= Iain Paterson =

Opera singer, bass-baritone

Iain Paterson (born 1973) is a Scottish bass-baritone singer who has appeared in opera and concert.

He was born in Glasgow. His first study was the violin, but his voice was recognised as his more important calling by his teachers at the Royal Scottish Academy of Music and Drama. He sang in the chorus of Opera North for four years.

He sang as a bass for ten years, later extending his range to bass-baritone.

Paterson has sung with the English National Opera in a number of productions, including Mozart's Don Giovanni. He made his debut at the Salzburg Festival in 2007 as Fasolt in Wagner's Das Rheingold under Sir Simon Rattle.

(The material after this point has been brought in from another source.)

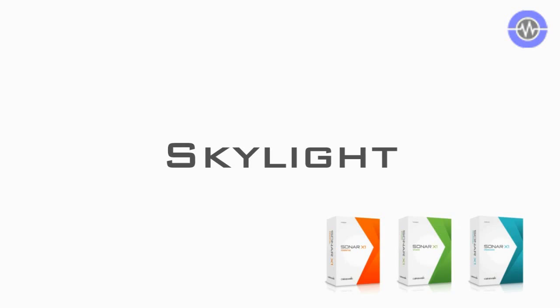Rather than adding new features and continuing to cram more things into Sonar, we wanted to take all those amazing features and make them more accessible and more usable than ever.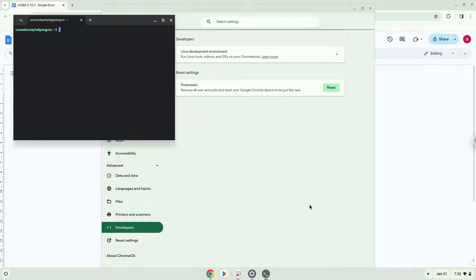Now that we have enabled Linux apps on our system, we will continue to the next step, which is to run several commands in a terminal, which will install the application. All the commands are in the video description.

He first appeared at the Metropolitan Opera as Gunther in Wagner's Götterdämmerung in 2009, under James Levine.

He sang in the Australian premiere of Shostakovich's 13th Symphony in 2008. His other concert repertoire includes Beethoven's 9th Symphony, Elgar's The Dream of Gerontius, Mendelssohn's Elijah, Verdi's Requiem and Handel's Messiah.

He has also sung in his native Scotland with various companies, the Paris Opera, the Chicago Opera Theater, at the Bregenz Festival, and at the Royal Opera, Covent Garden.